Thats Kinda What I am looking at. 

Opinions and ideas would be most appreciated!

Cheers,

Chaosftw


----------



## Vaz (Mar 19, 2008)

Yes, you can mix Marks in an army, and also in a unit, to a certain extent - there's none of the Restrictions like there were in 6th.

When I'm talking about Minxing Marks Intra-unit, you must purchase up to and not exceeding one Mark - which ranges from Frenzying, Ward saves, Immunity to negative psychology, and Opponents Recieving negative Modifiers. However, there are several magic Banners which while obviously are for the Marked units, have no restrictions.

There are a couple of Favourites for me. For a Kill everything unit, Chaos Knights with Mark of Khorne, and Banner of Rage (-1 WS/BS to hit the knights and characters in the unit, and Eternal Frenzy), or to hold an enemies Heavy Hitters, Warriors/Chosen with Mark of Tzeentch and Blasted Standard (Ward Save and Insane Courage 1 in 3 times).


----------



## JokerGod (Jan 21, 2009)

I recently started Daemons for Fantasy and I enjoy them a lot. They have a good mix of CC and Rang with Bloodleeters + SkullTaker tearing everything up like it was nothing and Flamers to shoot down anything hiding in the back.

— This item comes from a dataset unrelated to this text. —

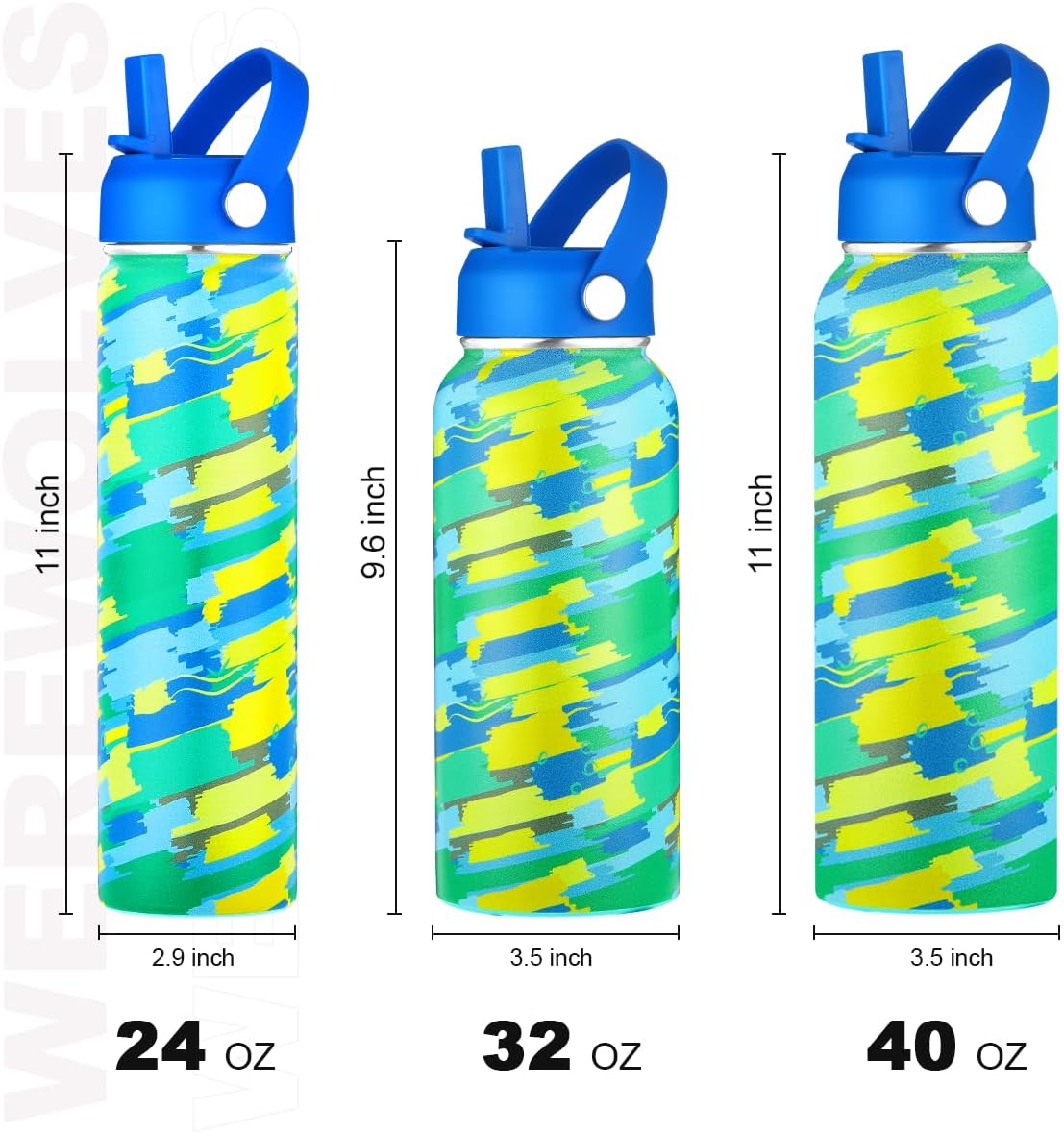 Botella agua acero inox 24-40oz con asas y correa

I think there a good starting force, and fun to play. And on a side note if it turns out you hate fantasy you can always run them in 40K to


----------



## Blind Cougar (Jan 30, 2009)

If you're still considering the scaly backs, remember than the basic Saurus is tough as nails (T4), very combat effective (S4, 2 attacks), and Cold-Blooded (rolls 3d6, ignoring the highest, for all Leadership tests) with a Ld of 8 makes then hard to budge. Just don't expect them to be able to do anything in the range game.

But that's what the Skinks are for.


----------



## spike12225 (Aug 21, 2008)

lizards from reading the codex are the bulldozer army slow to get moving but once up to speed hits hard and doesn't stop skinks to skirmish the flanks and slann to boost the lines from behind with kick arse magic


----------



## Chaosftw (Oct 20, 2008)

I have decided to go with the Lizardmen! I Think they fit my play style. I have a pet peeve that consists of not liking to lose models. (I play DG in 40k) So being tough as nails works for me. If any of you play with the scaly folk or know of their tactics. I have put together a list! CC welcome! (Check the list section!) 

Cheers,

and thanks for all the feedback!

Chaosftw


----------